Chinese Economics Thread

KYli

Brigadier
But the revenue is 200B less than one year ago after 3q, hope next year it will stabilize.
Huawei sold Honor brand so it is expected that its revenue would go down. However, Honor is already the top 3 smartphone brand in China. It only took Honor a few months to do so. Huawei just needs to bide its time. With so many talents and R&D, it wouldn't take long before Huawei would rise again.
 

Bellum_Romanum

Brigadier
Registered Member
Financial Times:

China needs to learn lessons from Japan’s 1990s collapse.

The longer Beijing takes to address its housing market bubble and accept a lower level of growth the worse the pain will be

When Chinese policymakers think about the economy, one of their main goals is to avoid what happened to Japan in 1990, when the excesses from years of rapid growth culminated in the collapse of a spectacular asset price bubble. Japanese officials who were active in that era tell tales of visits from their Chinese counterparts throughout the 2000s and 2010s, eager to learn the secrets of what went wrong and how they might avoid a similar fate.

China itself has enjoyed an enormous housing boom in recent decades: prices per square meter have quadrupled or more, even as the construction of hundreds of millions of dwellings turned it into a nation of homeowners. The recent woes of property developer Evergrande, which is struggling to pay its debts, show how that boom could turn to bust. There are, however, significant differences between Japan in 1990 and China today, suggesting the outcome will be different too, with time still left for Beijing to learn the biggest lesson of Japan’s experience.

The first, most obvious, difference is that Japan was significantly richer in 1990 than China is today. At market prices, Japanese output per capita was higher than the US that year, and even adjusting for purchasing power, it was four-fifths of the US level. By contrast, Chinese output per head today is still less than a fifth of the US, or around one quarter after adjusting for purchasing power.

In other words, Japan in 1990 had run out of room to catch up, whereas China still has a way to go. The ratio of house prices to incomes in the wealthiest Chinese cities, such as Beijing, Shanghai and Shenzhen, is among the highest in the world, but Chinese incomes still have potential to grow into those prices. China’s urbanisation rate, at 61 per cent, is also significantly below the level Japan had reached by 1990. There is scope for more migration to the cities.

A second difference is policy settings. In the 1980s Japan argued with the US about trade, as China does today, but Tokyo agreed in 1985 to the Plaza Accord on currencies, which led to a sharp rise in the yen, a mild recession and then a period of low interest rates.

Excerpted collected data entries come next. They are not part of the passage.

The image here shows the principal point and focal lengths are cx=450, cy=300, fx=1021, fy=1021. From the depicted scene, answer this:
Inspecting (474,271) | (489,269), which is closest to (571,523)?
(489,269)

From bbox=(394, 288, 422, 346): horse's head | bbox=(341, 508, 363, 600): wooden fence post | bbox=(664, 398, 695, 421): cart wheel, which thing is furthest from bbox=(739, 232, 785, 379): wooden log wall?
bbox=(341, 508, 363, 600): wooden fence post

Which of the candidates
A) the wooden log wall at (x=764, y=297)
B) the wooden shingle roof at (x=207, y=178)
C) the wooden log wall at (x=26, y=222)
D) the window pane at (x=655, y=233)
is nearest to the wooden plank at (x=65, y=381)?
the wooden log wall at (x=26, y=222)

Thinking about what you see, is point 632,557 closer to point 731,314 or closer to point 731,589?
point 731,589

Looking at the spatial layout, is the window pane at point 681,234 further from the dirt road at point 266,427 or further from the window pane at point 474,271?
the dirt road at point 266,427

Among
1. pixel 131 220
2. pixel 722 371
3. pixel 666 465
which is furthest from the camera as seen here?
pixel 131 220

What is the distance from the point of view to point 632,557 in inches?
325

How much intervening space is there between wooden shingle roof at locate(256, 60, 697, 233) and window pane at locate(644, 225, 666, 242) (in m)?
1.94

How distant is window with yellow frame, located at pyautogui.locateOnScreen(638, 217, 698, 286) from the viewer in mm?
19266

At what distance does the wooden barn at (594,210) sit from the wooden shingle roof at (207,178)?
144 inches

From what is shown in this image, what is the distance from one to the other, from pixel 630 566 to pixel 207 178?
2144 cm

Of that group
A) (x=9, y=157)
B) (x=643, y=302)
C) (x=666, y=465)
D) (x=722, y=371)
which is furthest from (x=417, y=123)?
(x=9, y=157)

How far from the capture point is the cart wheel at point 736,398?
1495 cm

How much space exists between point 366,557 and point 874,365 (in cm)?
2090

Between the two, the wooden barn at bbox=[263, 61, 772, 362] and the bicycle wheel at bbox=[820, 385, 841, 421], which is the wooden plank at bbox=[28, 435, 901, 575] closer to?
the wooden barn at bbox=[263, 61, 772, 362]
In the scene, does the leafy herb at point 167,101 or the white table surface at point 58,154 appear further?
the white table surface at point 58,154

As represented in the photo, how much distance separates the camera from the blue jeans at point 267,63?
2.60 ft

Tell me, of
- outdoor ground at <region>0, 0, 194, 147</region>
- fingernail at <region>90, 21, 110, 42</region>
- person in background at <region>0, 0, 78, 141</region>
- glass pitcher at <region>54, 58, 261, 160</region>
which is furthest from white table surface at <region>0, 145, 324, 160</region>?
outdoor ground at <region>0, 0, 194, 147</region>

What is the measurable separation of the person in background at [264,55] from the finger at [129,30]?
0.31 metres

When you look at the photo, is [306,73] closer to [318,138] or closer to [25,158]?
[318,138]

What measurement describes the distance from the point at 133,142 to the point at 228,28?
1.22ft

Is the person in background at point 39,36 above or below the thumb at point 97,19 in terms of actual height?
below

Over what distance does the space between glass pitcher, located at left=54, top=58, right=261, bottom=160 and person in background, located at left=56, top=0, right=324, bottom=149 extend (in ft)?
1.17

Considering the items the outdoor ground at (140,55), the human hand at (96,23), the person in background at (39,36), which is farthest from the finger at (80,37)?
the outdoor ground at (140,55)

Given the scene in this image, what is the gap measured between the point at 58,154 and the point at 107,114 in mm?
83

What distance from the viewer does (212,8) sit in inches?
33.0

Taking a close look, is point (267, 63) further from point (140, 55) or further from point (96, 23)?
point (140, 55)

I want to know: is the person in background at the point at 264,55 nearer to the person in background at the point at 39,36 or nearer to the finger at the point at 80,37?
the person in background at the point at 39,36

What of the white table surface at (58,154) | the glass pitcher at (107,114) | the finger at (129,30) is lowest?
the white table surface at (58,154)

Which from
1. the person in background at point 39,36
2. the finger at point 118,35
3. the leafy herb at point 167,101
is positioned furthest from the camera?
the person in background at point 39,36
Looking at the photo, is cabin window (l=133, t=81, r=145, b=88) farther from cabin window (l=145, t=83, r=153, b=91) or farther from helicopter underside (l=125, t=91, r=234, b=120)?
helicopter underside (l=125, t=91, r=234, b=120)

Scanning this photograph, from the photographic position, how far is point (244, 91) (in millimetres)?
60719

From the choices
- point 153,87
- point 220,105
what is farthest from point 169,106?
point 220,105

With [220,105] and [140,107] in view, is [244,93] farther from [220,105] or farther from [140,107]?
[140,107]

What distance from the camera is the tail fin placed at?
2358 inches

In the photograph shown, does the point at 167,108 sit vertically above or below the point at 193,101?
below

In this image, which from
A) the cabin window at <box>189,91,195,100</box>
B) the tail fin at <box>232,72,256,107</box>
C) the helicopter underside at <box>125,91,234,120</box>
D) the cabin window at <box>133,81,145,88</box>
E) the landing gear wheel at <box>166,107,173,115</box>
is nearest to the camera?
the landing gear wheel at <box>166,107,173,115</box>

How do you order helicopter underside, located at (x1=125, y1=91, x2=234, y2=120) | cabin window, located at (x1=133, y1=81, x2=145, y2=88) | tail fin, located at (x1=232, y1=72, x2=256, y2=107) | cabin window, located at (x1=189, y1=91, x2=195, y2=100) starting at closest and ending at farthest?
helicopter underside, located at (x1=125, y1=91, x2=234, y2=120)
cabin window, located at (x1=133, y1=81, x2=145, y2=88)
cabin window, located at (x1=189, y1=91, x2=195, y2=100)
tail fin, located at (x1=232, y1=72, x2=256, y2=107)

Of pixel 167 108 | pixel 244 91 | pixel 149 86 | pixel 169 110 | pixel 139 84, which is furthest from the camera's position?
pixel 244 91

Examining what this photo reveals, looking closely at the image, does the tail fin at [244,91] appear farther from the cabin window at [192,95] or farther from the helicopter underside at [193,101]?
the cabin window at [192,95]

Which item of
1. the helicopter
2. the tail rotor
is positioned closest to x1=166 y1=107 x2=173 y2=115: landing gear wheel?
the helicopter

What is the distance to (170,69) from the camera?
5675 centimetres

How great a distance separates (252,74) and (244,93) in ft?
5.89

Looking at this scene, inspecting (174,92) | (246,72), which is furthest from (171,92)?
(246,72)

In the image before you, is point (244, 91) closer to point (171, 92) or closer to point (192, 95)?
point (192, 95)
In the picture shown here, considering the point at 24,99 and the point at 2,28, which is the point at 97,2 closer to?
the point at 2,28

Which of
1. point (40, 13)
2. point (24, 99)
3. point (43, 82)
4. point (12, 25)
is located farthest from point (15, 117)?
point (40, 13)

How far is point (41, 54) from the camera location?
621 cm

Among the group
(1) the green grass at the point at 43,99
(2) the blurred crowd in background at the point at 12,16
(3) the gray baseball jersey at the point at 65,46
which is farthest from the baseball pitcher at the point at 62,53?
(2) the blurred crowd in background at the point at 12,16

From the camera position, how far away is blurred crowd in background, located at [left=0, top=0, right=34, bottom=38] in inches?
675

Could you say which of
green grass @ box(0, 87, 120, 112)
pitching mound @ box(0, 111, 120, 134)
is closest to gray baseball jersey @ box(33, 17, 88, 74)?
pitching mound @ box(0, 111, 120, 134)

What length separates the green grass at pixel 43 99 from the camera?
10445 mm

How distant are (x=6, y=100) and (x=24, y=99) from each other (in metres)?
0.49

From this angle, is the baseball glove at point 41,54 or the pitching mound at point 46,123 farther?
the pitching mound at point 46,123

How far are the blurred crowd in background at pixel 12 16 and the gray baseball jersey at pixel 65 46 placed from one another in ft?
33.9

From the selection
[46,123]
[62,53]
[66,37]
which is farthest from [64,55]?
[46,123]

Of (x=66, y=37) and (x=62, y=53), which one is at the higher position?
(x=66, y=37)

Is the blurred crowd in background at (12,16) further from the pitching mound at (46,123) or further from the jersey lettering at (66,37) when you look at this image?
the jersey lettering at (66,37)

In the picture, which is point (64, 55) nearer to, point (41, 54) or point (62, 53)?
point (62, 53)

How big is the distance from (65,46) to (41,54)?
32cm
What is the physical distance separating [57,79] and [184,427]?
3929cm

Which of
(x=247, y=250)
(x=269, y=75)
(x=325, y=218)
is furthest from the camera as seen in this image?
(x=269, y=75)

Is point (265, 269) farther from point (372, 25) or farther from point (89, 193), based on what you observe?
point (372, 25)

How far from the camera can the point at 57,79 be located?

Those low rates fuelled Japan’s boom and so did financial deregulation. Curbs on deposit rates were gradually removed, hurting the profitability of Japanese banks, and prompting them to go on a lending rampage to compensate. Everything boomed in Japan: not just real estate but share prices and consumption as well.

Chinese policy has, at times, stoked the housing boom. A relaxation of minimum down payments for investment properties from 2014 to 2016 caused a surge in mortgage borrowing, although the rules remained relatively conservative compared with 1980s Japan. China’s overall macroeconomic policy has been cautious and the government is now showing an appetite to rein in property. Whereas Japan’s bubble inflated until it burst, China’s current property turmoil has been brought on by its own regulators, enforcing their “three red lines” to limit the debt of developers such as Evergrande.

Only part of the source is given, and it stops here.